The Magicoder models, including the enhanced MagicoderS, substantially outperform state-of-the-art code models on a wide range of coding benchmarks, even surpassing ChatGPT on certain tasks.
OSS-Instruct opens a new direction for creating diverse synthetic instruction data for code using open-source resources.

Plain English Explanation

Magicoder is a collection of powerful AI models for writing code that are freely available for anyone to use. These models are trained on a large amount of synthetic (artificially created) data using a new approach called OSS-Instruct. OSS-Instruct taps into the wealth of open-source code snippets online to generate diverse and realistic training data for the models.

The key idea is to overcome the inherent biases that can creep into synthetic data generated by AI models. By drawing on the vast repository of real-world code examples, Magicoder models can learn to write code that is more natural and applicable to real-world problems.
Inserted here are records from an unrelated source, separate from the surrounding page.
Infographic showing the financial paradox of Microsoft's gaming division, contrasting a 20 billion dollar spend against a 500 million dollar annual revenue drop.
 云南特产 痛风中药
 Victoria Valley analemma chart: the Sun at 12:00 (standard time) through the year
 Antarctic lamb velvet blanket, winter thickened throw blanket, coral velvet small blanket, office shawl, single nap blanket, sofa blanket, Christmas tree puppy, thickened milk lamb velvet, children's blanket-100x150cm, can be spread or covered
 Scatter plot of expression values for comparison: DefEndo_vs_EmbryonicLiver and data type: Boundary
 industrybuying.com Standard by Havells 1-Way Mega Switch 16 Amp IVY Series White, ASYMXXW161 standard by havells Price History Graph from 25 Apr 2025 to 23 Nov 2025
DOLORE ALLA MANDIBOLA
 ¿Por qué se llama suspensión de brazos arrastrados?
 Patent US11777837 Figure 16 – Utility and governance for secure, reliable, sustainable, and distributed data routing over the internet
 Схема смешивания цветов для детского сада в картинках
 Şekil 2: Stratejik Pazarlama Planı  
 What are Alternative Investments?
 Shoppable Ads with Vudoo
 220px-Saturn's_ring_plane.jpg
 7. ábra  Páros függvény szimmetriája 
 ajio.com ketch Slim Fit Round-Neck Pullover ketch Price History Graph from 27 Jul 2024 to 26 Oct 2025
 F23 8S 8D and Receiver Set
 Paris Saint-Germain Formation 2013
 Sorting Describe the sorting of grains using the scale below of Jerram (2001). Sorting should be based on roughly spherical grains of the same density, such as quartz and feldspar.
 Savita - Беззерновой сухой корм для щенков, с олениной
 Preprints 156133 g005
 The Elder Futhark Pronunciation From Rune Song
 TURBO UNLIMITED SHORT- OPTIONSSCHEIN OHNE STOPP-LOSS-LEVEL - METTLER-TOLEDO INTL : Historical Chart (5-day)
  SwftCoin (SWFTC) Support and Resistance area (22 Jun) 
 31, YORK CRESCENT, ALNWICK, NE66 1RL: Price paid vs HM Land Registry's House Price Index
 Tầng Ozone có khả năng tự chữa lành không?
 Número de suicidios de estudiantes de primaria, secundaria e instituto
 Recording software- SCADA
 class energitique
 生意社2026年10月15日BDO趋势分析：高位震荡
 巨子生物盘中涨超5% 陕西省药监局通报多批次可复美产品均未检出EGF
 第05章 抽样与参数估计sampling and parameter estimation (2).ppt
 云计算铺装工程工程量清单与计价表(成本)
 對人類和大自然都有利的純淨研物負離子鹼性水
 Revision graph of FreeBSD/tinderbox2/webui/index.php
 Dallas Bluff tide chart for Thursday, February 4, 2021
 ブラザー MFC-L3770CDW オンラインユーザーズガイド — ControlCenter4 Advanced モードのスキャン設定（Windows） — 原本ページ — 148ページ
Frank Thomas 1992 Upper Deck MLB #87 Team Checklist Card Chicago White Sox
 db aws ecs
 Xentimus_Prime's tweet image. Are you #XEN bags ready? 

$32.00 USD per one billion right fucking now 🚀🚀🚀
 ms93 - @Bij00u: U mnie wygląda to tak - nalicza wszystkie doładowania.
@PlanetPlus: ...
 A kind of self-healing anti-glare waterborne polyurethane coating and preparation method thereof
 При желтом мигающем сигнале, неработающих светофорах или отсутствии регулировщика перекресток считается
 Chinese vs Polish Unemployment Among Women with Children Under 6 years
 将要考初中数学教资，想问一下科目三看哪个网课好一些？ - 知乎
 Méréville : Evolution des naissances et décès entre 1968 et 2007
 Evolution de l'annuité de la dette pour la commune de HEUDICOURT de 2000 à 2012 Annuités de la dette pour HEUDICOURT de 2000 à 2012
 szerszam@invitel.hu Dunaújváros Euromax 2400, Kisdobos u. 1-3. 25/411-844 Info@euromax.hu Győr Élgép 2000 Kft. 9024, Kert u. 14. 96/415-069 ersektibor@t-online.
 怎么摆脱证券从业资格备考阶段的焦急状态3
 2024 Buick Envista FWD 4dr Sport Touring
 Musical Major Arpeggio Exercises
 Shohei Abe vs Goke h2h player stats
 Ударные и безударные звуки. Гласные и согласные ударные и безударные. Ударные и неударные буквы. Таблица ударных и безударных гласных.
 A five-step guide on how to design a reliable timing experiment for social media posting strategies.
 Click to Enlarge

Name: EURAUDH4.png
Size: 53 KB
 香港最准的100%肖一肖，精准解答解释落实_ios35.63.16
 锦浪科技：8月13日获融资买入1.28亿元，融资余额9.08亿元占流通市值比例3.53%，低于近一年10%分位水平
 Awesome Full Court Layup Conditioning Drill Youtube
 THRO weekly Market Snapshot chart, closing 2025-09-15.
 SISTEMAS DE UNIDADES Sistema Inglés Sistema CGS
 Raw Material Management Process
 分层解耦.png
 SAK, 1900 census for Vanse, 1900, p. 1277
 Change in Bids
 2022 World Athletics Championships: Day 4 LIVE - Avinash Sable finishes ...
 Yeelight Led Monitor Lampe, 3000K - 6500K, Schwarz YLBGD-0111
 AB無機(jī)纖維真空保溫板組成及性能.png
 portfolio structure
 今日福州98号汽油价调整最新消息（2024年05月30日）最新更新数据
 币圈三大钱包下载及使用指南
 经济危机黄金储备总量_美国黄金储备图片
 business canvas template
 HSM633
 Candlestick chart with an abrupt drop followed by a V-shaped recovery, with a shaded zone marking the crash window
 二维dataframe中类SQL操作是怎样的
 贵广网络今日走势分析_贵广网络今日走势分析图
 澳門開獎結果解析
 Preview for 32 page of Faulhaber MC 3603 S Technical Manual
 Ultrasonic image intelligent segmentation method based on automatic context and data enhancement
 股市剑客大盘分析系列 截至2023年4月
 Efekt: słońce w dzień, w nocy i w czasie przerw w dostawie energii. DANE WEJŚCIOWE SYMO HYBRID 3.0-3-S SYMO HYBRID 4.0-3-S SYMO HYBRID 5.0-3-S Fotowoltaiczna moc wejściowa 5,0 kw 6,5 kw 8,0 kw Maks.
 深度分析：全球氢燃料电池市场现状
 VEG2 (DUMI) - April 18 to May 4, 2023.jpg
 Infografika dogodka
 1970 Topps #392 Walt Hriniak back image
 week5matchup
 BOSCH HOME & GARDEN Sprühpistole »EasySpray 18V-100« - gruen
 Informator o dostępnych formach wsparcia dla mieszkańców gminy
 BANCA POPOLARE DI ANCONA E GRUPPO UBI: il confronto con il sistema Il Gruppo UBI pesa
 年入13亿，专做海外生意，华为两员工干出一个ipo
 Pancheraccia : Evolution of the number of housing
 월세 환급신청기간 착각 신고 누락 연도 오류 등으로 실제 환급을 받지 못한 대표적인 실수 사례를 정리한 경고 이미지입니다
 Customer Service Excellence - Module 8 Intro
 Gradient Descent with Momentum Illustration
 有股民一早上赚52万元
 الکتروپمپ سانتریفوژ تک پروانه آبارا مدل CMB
Despite being smaller in size compared to other top code models, the Magicoder series, especially the enhanced MagicoderS, outperforms these larger models on a wide range of coding tasks. In fact, one of the Magicoder models even surpasses the well-known ChatGPT on certain benchmarks.

Overall, the Magicoder project demonstrates a new and promising way to create powerful AI assistants for coding by leveraging the abundance of open-source code available online. This could have significant implications for improving the capabilities of code generation models and harmonizing the elicitation of code capabilities in the future.

Technical Explanation

The researchers introduce Magicoder, a series of open-source Large Language Models (LLMs) for code that rival top code models while having no more than 7 billion parameters. These Magicoder models are trained on 75,000 synthetic instruction data using a novel approach called OSS-Instruct.

OSS-Instruct leverages the wealth of open-source code snippets available online to generate diverse and realistic training data for the models. This is in contrast to more traditional methods of generating synthetic data, which can sometimes lead to inherent biases. By drawing on real-world code examples, the Magicoder models can learn to generate code that is more applicable to practical problems.

The Magicoder series, including the enhanced MagicoderS, substantially outperform state-of-the-art code models on a wide range of coding benchmarks. Notably, the MagicoderS-CL-7B model, which is based on CodeLLaMA, even surpasses the prominent ChatGPT on the HumanEval+ benchmark.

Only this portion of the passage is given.